Activity
Return the stretch from the line with "Botellas de farmacia antiguas" through the line with "Maison ancienne - 177 m² - 7 pièces" in the data below, character for character, skipping all pictures.

Source material
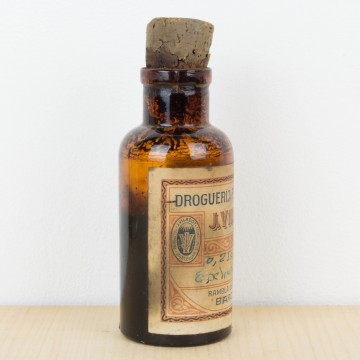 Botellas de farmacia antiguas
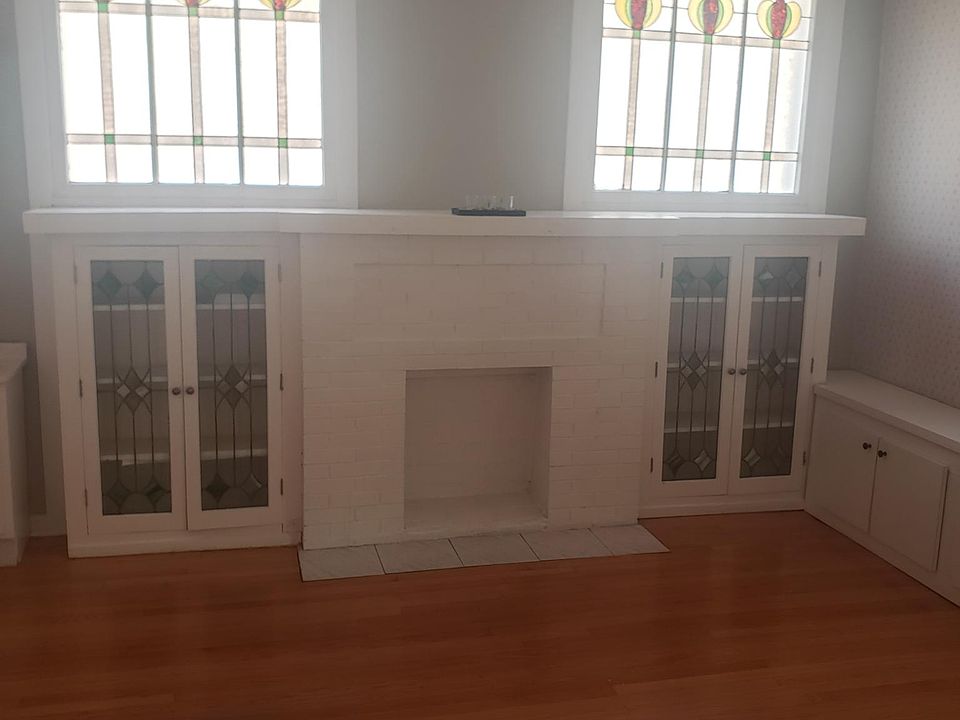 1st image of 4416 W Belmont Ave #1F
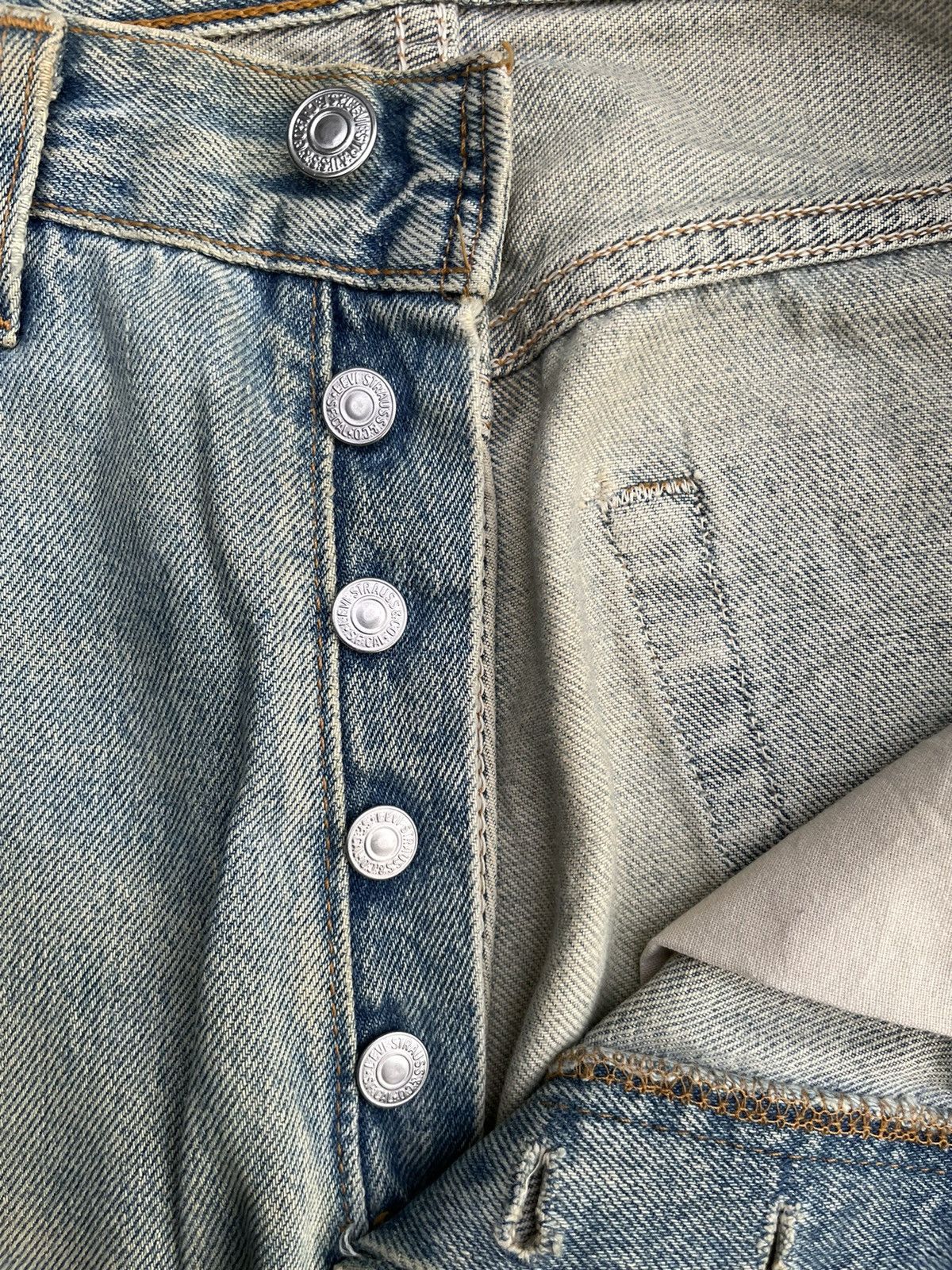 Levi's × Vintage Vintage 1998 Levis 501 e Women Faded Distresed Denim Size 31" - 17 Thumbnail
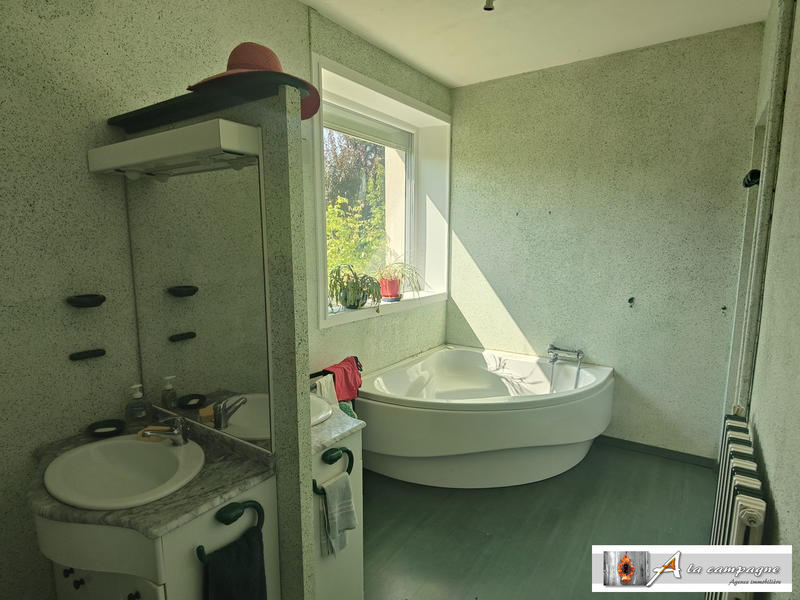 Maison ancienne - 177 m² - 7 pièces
...
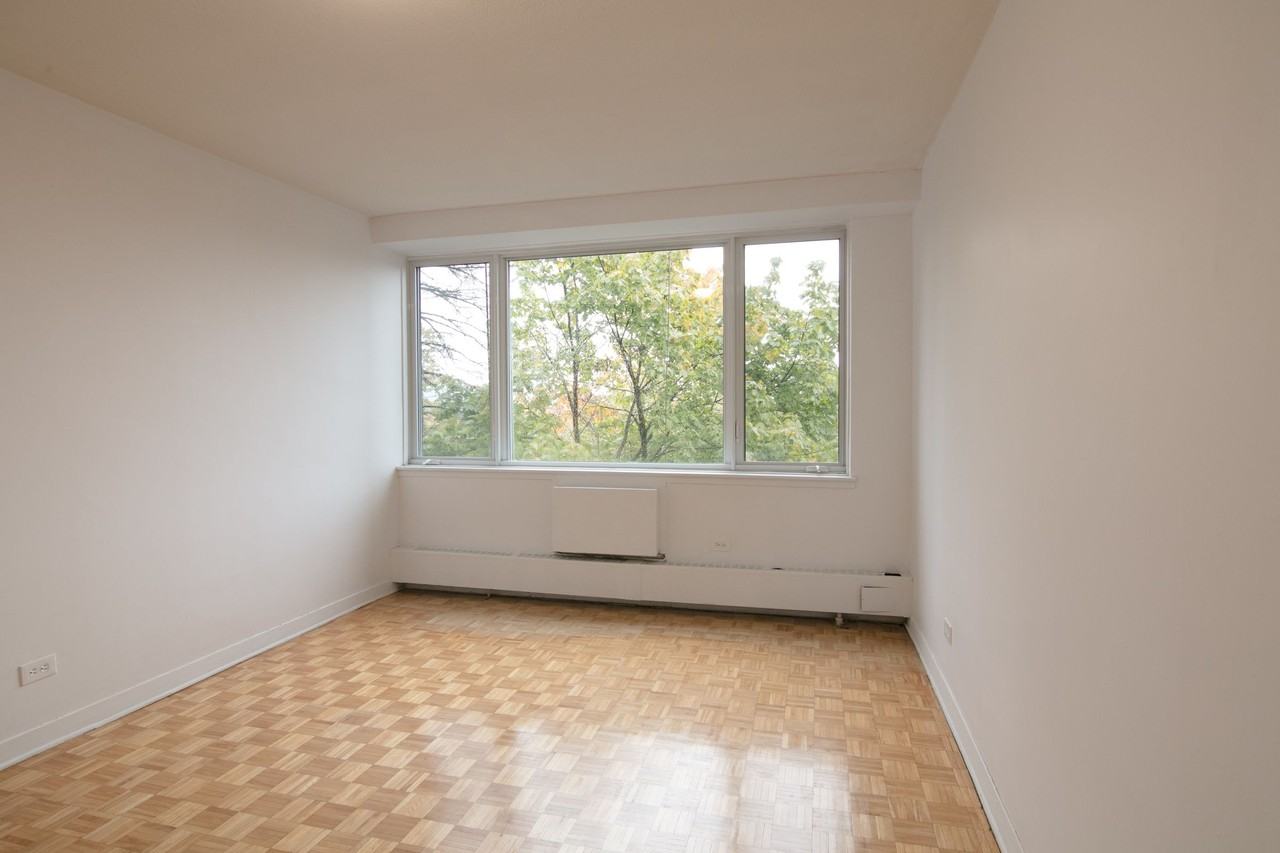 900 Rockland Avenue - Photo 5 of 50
* * *
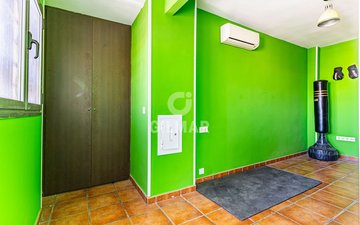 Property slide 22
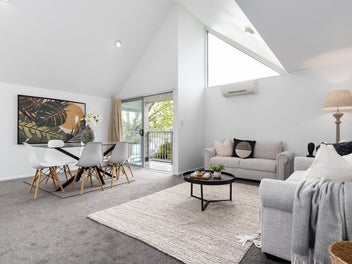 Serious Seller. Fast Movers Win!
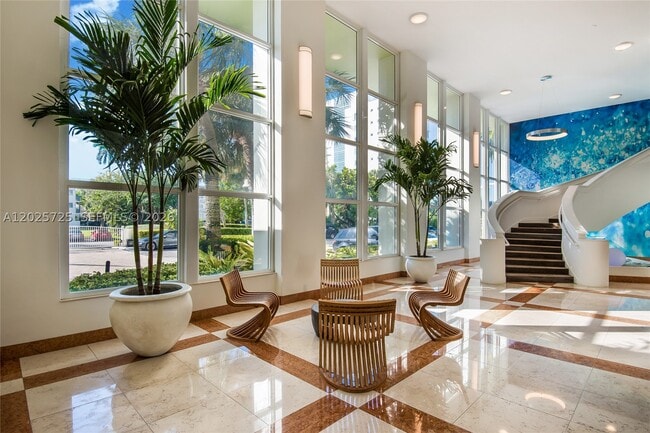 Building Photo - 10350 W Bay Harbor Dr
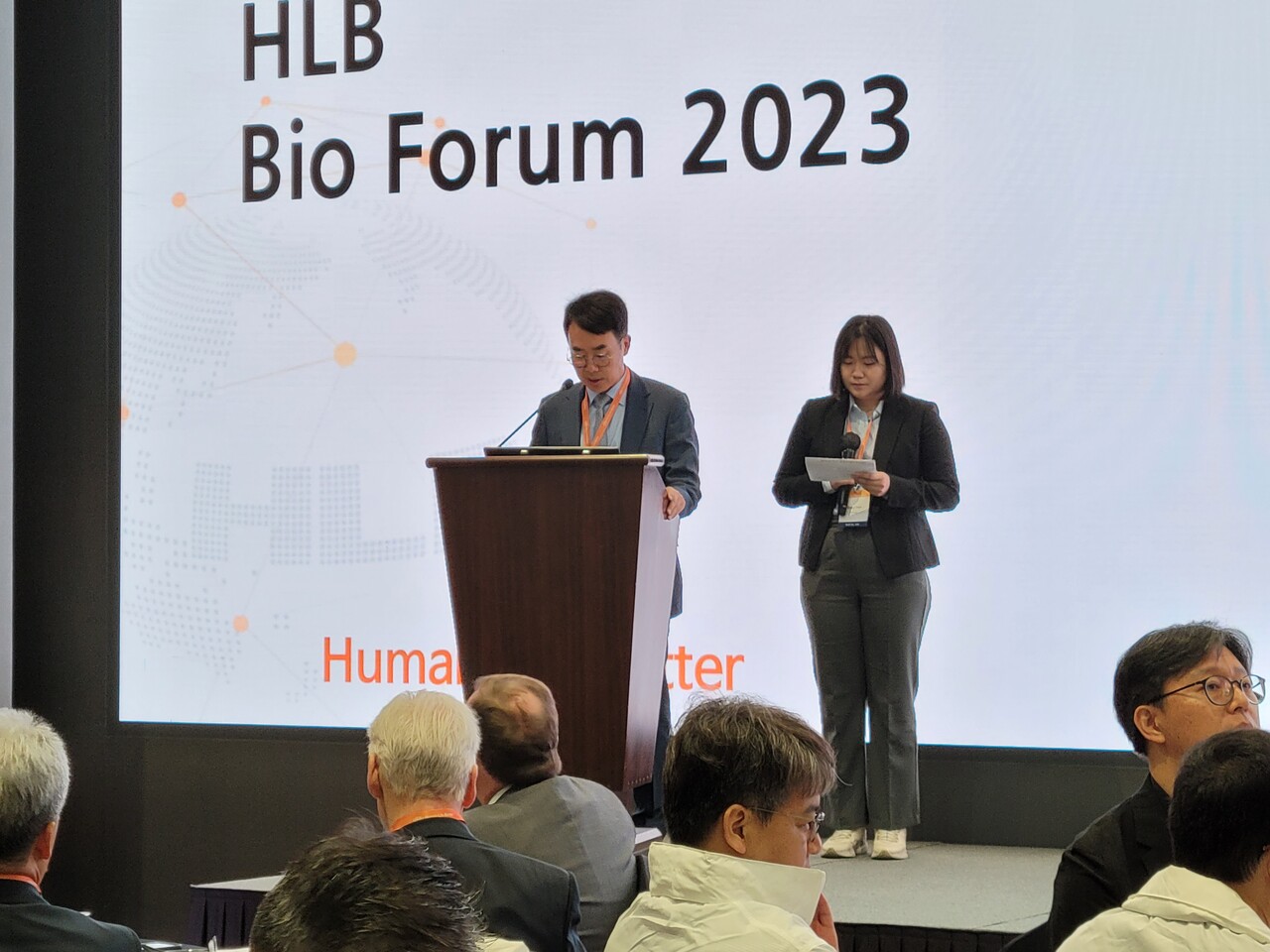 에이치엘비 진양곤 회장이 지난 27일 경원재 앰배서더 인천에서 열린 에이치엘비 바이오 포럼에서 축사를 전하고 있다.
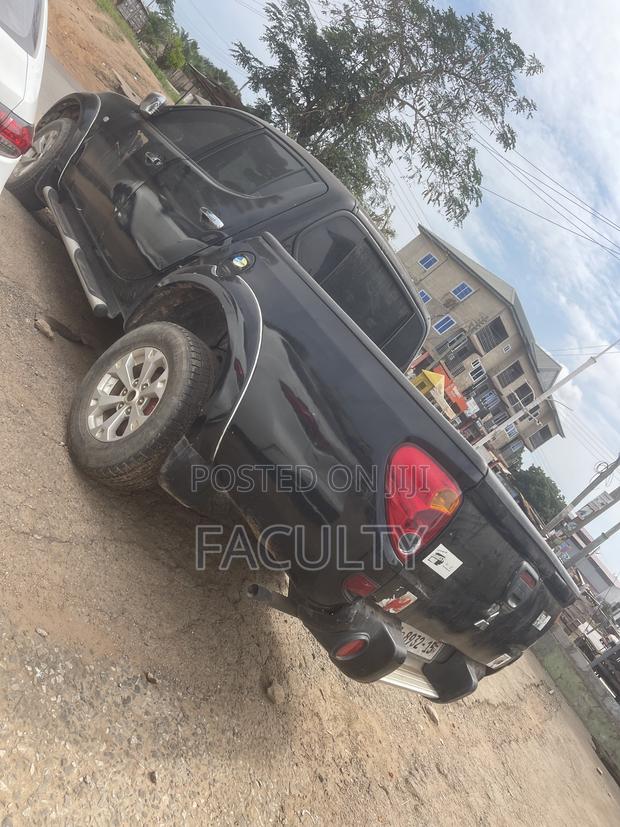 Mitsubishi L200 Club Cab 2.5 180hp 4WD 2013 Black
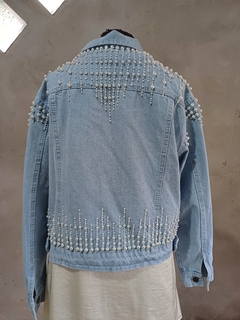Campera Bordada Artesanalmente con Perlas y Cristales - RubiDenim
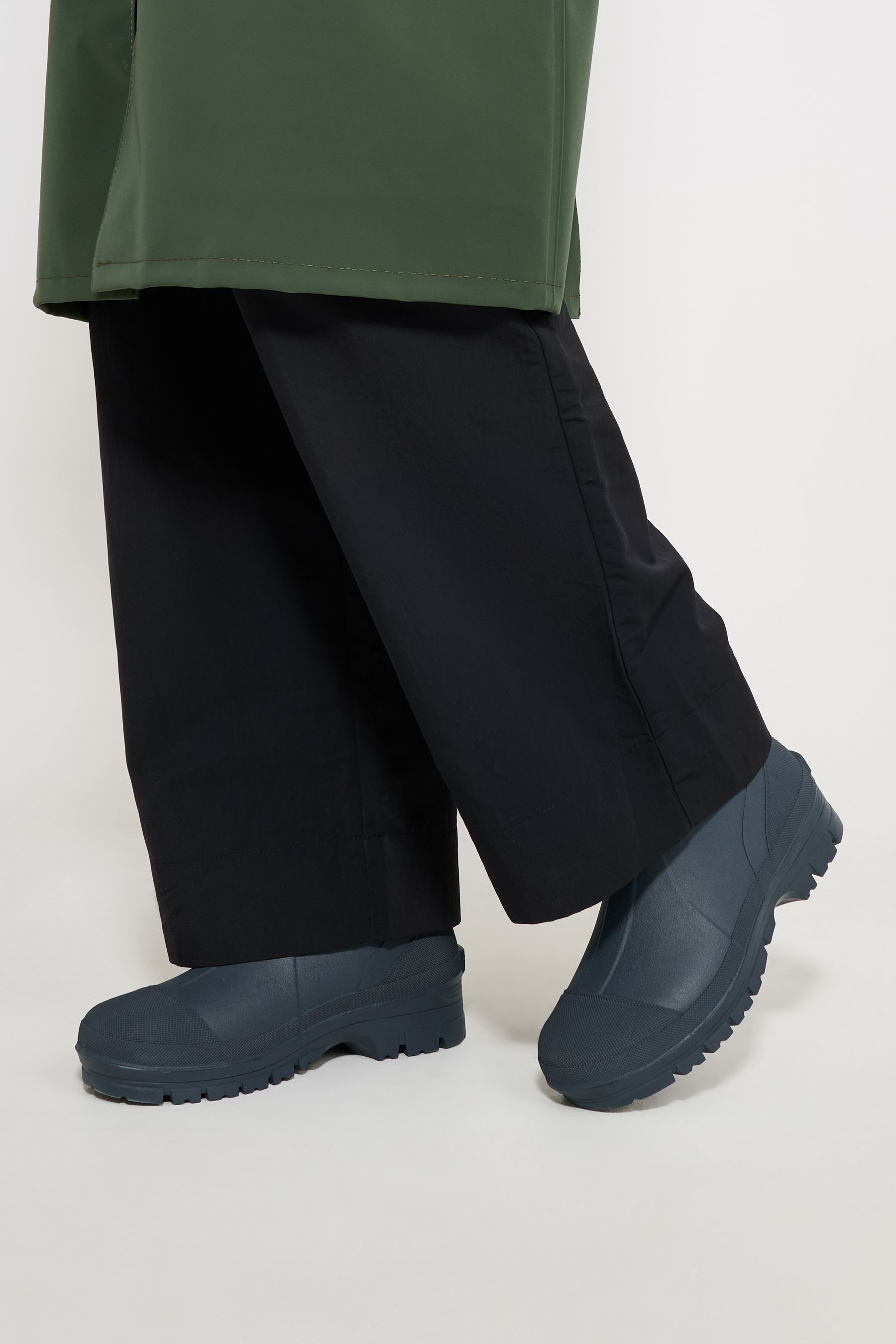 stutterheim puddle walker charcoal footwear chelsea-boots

Solved problem
 Botellas de farmacia antiguas
 1st image of 4416 W Belmont Ave #1F
 Levi's × Vintage Vintage 1998 Levis 501 e Women Faded Distresed Denim Size 31" - 17 Thumbnail
 Maison ancienne - 177 m² - 7 pièces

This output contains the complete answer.